Hacker News new | ask | show | jobs
by fwilliams 1524 days ago
To quote the article:

> But even putting aside the fact that claiming someone else's writing as one's own is wrong, the value in survey papers is in how they re-frame the field. A survey paper that just copies directly from the prior paper hasn't contributed anything new to the field that couldn't be obtained from a list of references.

Good survey papers can be important contributions in their own right (e.g. [1]). A good survey should contextualize works within a subject area with respect to each other and identify high level trends/ideas in that subject. These connections are not only useful for learning a topic, but also for positioning novel work or identifying under-researched areas to focus on.

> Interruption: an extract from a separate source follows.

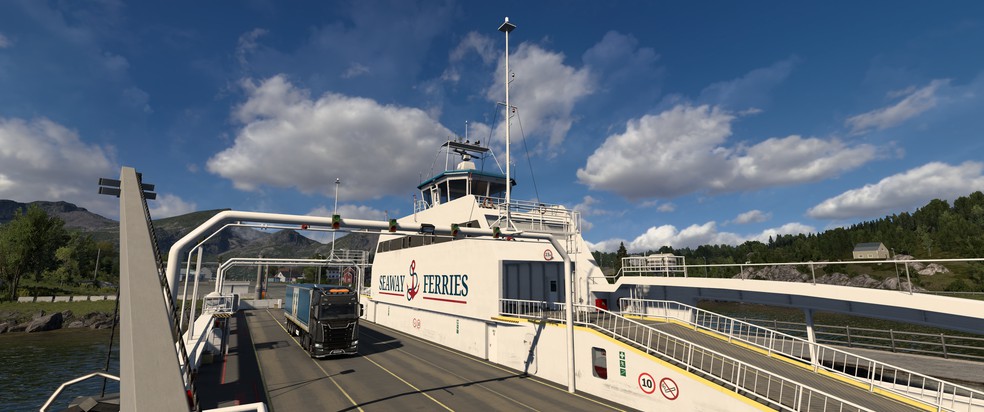 Image by Rob_Stewart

If the authors felt that one of the papers they plagiarized concisely expressed what they wanted to say, they could simply quote and cite that work. Otherwise, it could be construed that the authors are claiming to be the ones drawing the conclusions they wrote. Moreover, from the article, the survey in question seems to be pretty egregiously plagiarizing, which deserves to be called out/shamed.

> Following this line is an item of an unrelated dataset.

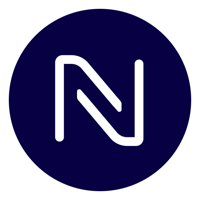 Nemomakes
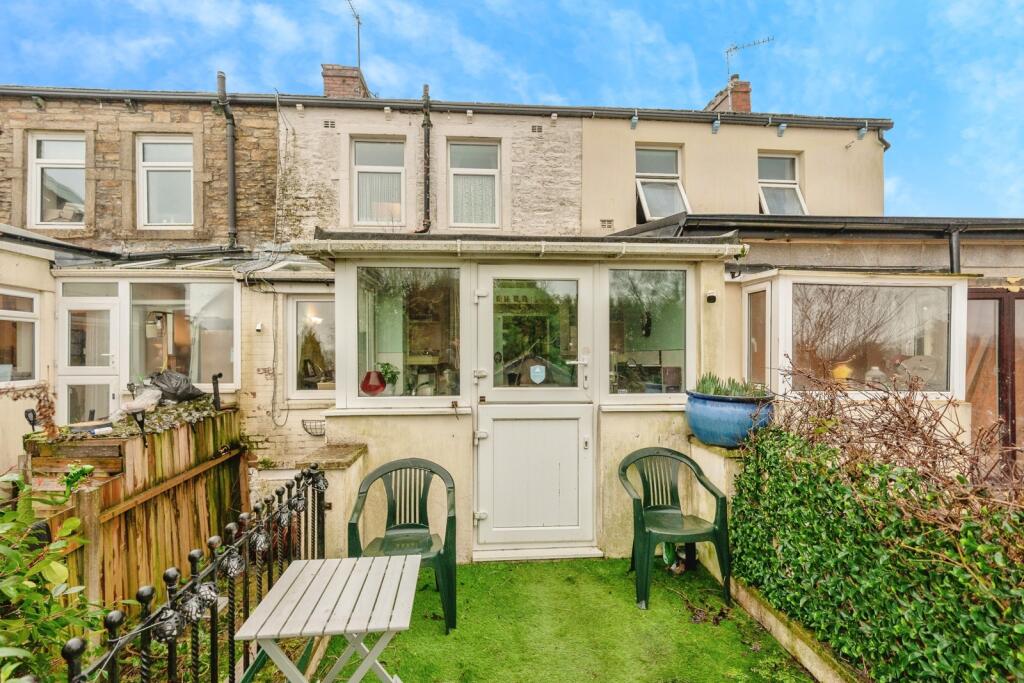 Additional image 14 of Higher Reedley Road, Brierfield, Nelson, Lancashire, BB9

[1] https://arxiv.org/abs/2111.11426

1 comments

I disagree with this:

> But even putting aside the fact that claiming someone else's writing as one's own is wrong, the value in survey papers is in how they re-frame the field. A survey paper that just copies directly from the prior paper hasn't contributed anything new to the field that couldn't be obtained from a list of references.

Whether or not a survey paper is "good" is irrelevant here. Yes, a survey paper that just lists others papers may be a bad survey paper, but it does nothing wrong as long as it cites the original papers, which this does. A bad survey paper may not be published in a journal, that's what peer review is for, but there is nothing wrong with publishing it openly on the web.

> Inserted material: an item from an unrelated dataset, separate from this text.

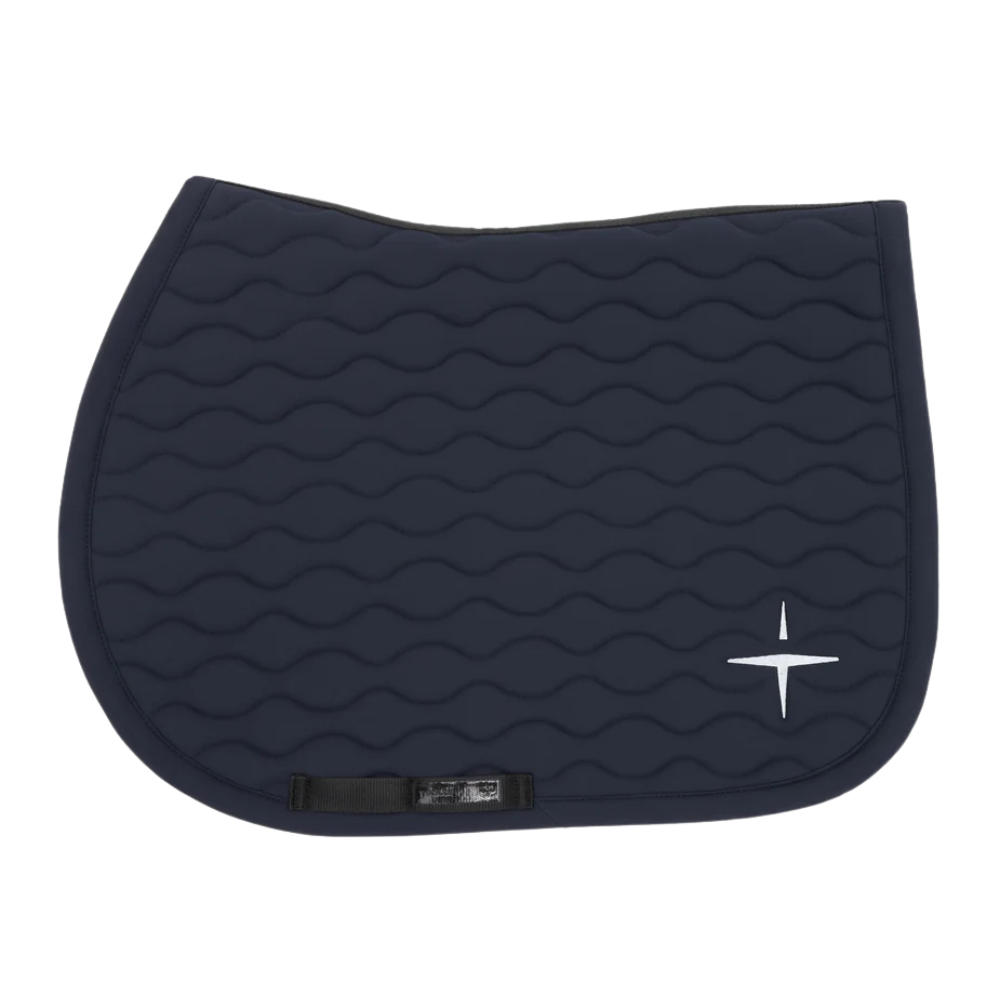 Trolle Company Schabracke Wave Tech-Jersey, SS25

And there is still value in aggregating other papers, even if it's just a list with description. That's the reason why these "awesome-XX" Github repos are so popular. Time to hunt them down?

If you look at the plagiarized language in the article, it seems as if the BM paper authors are claiming contributions (emphasis mine). Credit is a major currency in research, and it's important to give it where it is due. If someone did this with one of my papers, I'd be quite upset.

For example (Emphasis mine):

> The risks of data memorization, for example, the ability to extract sensitive data such as valid phone numbers and IRC usernames, are highlighted by Carlini et al. [41]. While their paper identifies 604 samples that GPT-2 emitted from its training set, we show that over 1 of the data most models emit is memorized training data. In computer vision, memorization of training data has been studied from various angles for both discriminative and generative models Deduplicating training data does not hurt perplexity: models trained on deduplicated datasets have no worse perplexity compared to baseline models trained on the original datasets. In some cases, deduplication reduces perplexity by up to 10%. Further, because recent LMs are typically limited to training for just a few epochs

Yes, I agree that's bad but looks like sloppy copy and pasting as opposed to intentional plagiarism to claim contributions. Would it have been okay if they said "they" instead of "we"?
Then who is "they" in this situation? You need a citation!